E se você pouco leu sobre Pernalonga e sua turma até aqui, é exatamente por serem tratados com desleixo pelo roteiro, assim como o basquete. O nome Space Jam parece mais um truque para angariar atenção sem de fato resgatar em nada o espírito do original, assim como suas principais características. Tanto os Looney quanto o basquete e o próprio Lebron acabam sendo vítimas de uma narrativa porca criada por executivos como uma celebração tosca do catálogo da Warner - aí o lançamento para HBO Max soa, novamente, bastante metalinguístico, e não seria surpresa o longa ser um presente de inauguração para chamar atenção ao serviço. 

Foram 25 anos para o filme de 96, eternizado na mente do brasileiro pelas noites do SBT, Space Jam, receber sua sequência, e a razão absolutamente não é finalmente terem encontrado uma boa história para continuá-la (algo que Brad Bird alegou para a demora de voltar ao universo dos Incríveis), tampouco o surgimento de uma lenda que transcende o esporte com suficiente apelo para justificar um orçamento milionário. O que reforça ainda mais o argumento de Space Jam 2 como um artigo de publicidade é o conturbado processo de produção do longa, que contou com substituição de diretor e o crédito de seis roteiristas (e dica: muitos escritores nunca vai significar coisa boa, e sim uma bagunça). 

Concluído, então, que o objetivo de Space Jam parece mesmo fazer uma homenagem à Warner, o saldo final é tão somente um desrespeito que serve de amálgama e lição do que há de pior na arte popular atual, que é um foco insuportável em sacadinhas imediatas, uma ventilação incessante e fatigante de estímulos visuais, efeitos alucinógenos e ritmo acelerado. Não há tributo, através disso, com os Looney, tão simbólicos para o que o estúdio se tornou, como o original, o esporte, nem Lebron. Os clássicos cartoons (que nos breves momentos que são focados em sua originalidade e animação 2D - inclusive Lebron -, protagonizam os poucos momentos genuinamente divertidos da fita), tão marcantes pela esperteza e surrealidade de seu tom, mas também imenso carisma, são cruelmente usados de artifícios descartáveis para enquadramentos que parecem mais preocupados em revelar o maior número possível de referências da Warner - em sua maioria pessoas com fantasias cospobre dos personagens. 

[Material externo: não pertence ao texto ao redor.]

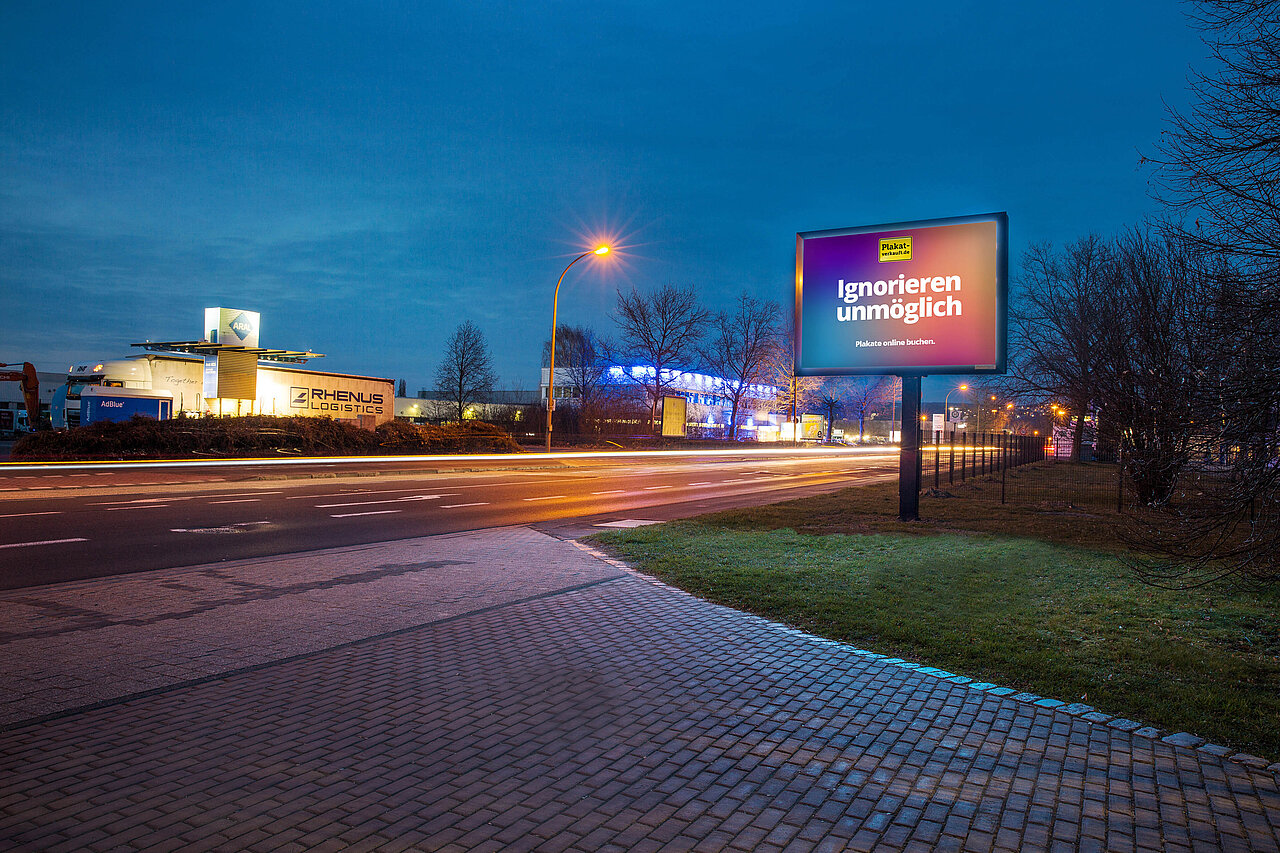 Digitale Großfläche an Hauptverkehrsstraße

Space Jam 2, criado por um algoritmo ruim tanto dentro quanto fora das telas, acaba sendo inacreditavelmente unânime em conseguir ofender quem foi ver o filme por nostalgia, por curtir o esporte, por idolatrar Lebron, amar os Looney Tunes ou buscar somente um bom entretenimento. 

2 comentários:

  1. Concordo com a crítica. Na verdade o que temos é um Space Jam sem Space Jam, igual tivemos um Mortal Kombat sem Mortal Kombat. (haha)

    Esses dias eu tava lendo sobre Space Jam e descobri que queriam continuar a franquia desde a época do primeiro, inclusive com outros esportes. O que mais chegou perto de acontecer foi 'Skate Jam' com Tony Hawk, que só foi cancelado devido ao fracasso de Looney Tunes De Volta à Ação. Talvez no fim tivesse sido menos pior que Um Novo Legado.

    ResponderExcluir
    Respostas
    1. Bah, não fazia ideia que houve essa ideia, haha. Confesso que fiquei curioso, mas o Tony Hawk e skate nunca tiveram tanto status internacional quanto basquete e MJ. Iria flopar em bilheteria, e isso que interessa pros caras.